Las multinacionales Swatch, Sephora, Zara… no han querido desaprovechar este espacio
idílico y, con sus fachadas de corte oriental, dan un toque de globalización a
la zona. Este y Oeste conviven perfectamente en esta calle donde todo semeja un
cuento de hadas.
Como
si de un perfume embriagador se tratase, también las gentes que recorren Qian
Men Dajie parecen contentas. Todos son orientales y de repente, me veo entre
una multitud asiática y tomo conciencia de que mi físico es diferente. Algunos
piden hacerse fotos conmigo. Otros me sonríen y me dicen Hello. Y los hay más
atrevidos, que te dicen Hi, Beautiful y que entonces comienzan a contarte su
vida. En su mayoría, son turistas venidos de provincias que quedan deslumbrados
ante tanto esplendor.
Yo sigo mi
recorrido y no puedo evitar pensar que apenas dos calles más adelante mi amigo
Cui Yong y su estupenda librería de viejo viven prácticamente en la miseria, y
que los hutongs, con sus gentes humildes, comienzan en las mismas callejas que
se abren en Qian Men. Creo que la auténtica china no está en esta calle, sino
en los cientos de callejones que se
extienden a lo largo de este eje comercial.
Entre
los establecimientos que más llaman mi atención se encuentra una tienda de té,
con una escultura a la puerta invitándote a entrar. Decido hacer caso omiso a
la indicación y me adentro en el local
contiguo, una librería. Nada tiene que ver este comercio de Qian Men Dajie con
la librería Zhengyang. Sus anaqueles llenos de libros, y la limpieza que se
respira están acorde con la filosofía de toda la calle. Las gentes ojean las
páginas y se quedan dentro a leer, sea de pie, o sentados en el suelo. Entre
las obras recomendadas hay varios clásicos occidentales, y entre ellos, emerge
una de mis novelas favoritas de la infancia: Las aventuras de Tom Sawyer, por supuesto, traducido al chino.
Como
no hay ningún ejemplar que me interese en las lenguas que conozco, me ocurre
algo excepcional: salgo de la librería sin haber gastado ni un solo céntimo de
mi cuenta bancaria. Termino el recorrido de la calle y al cruzar la puerta de
Jian Lou mi vista se estrella con la torre de Zhengyang Men. Ésta era la puerta
más impresionante de las nueve que constituían la muralla interior de la Ciudad
Prohibida.

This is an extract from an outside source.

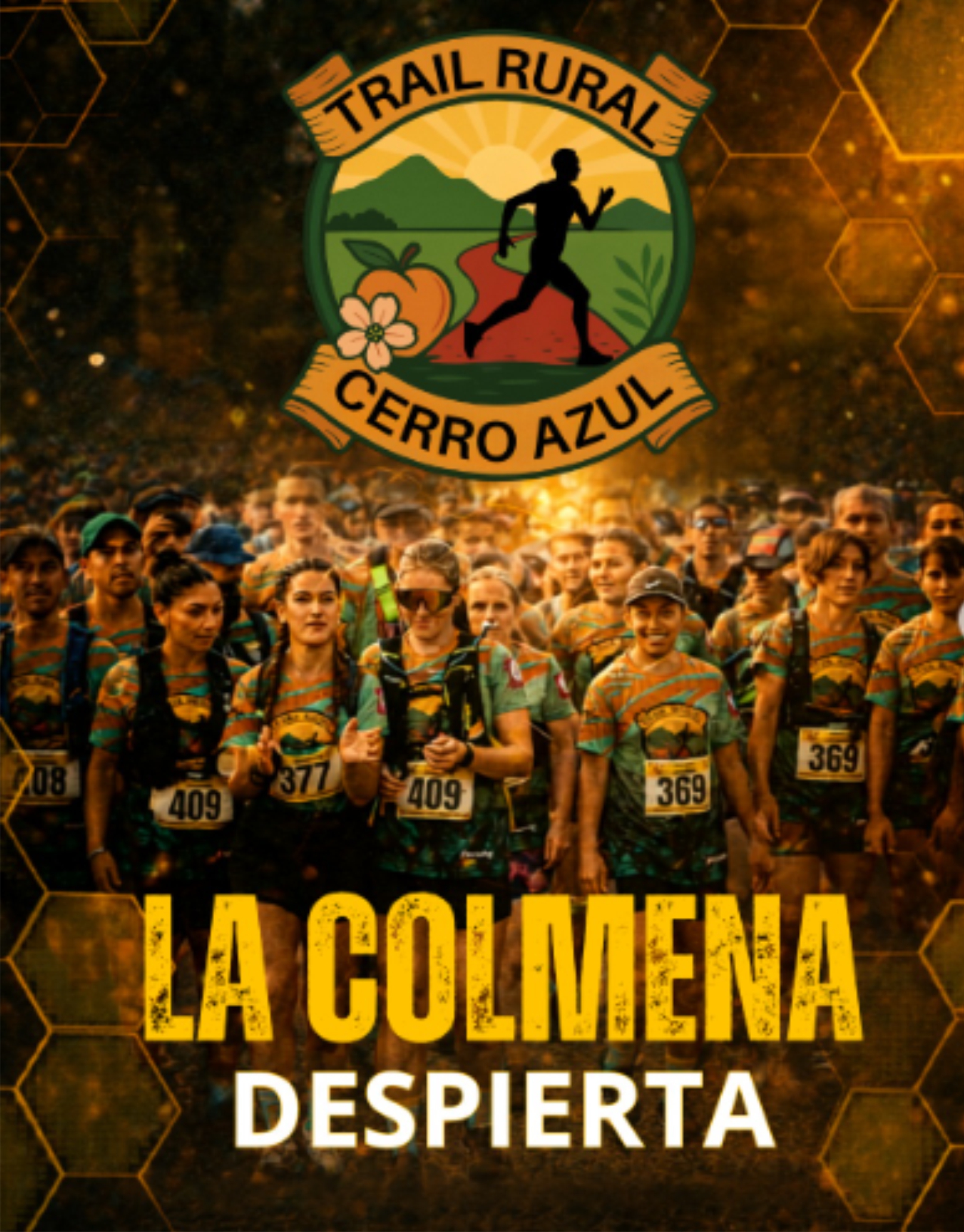 Trail Rural Cerro Azul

Su finalidad era separar los barrios imperiales de la Ciudad China.
Sus sólidos muros fueron durante siglos el símbolo de un mundo inexpugnable,
accesible tan sólo a unos cuantos
privilegiados o a unas cuantas víctimas. Si al frente de Zhengyang Men queda un
mundo globalizado, una China que sueña con llegar a ser la primera potencia
mundial, en sus sólidos muros se esconde el pasado, ese mundo que la princesa
Der Ling nos narró de forma excelente los dos años que pasó al servicio de la
última emperatriz, Tzu Hsi. El legado del pasado convive con la China capitalista al igual que los hutongs lo hacen con las calles de lujo, mirándose
siempre unos a otros, a una prudente distancia, y en aparente armonía.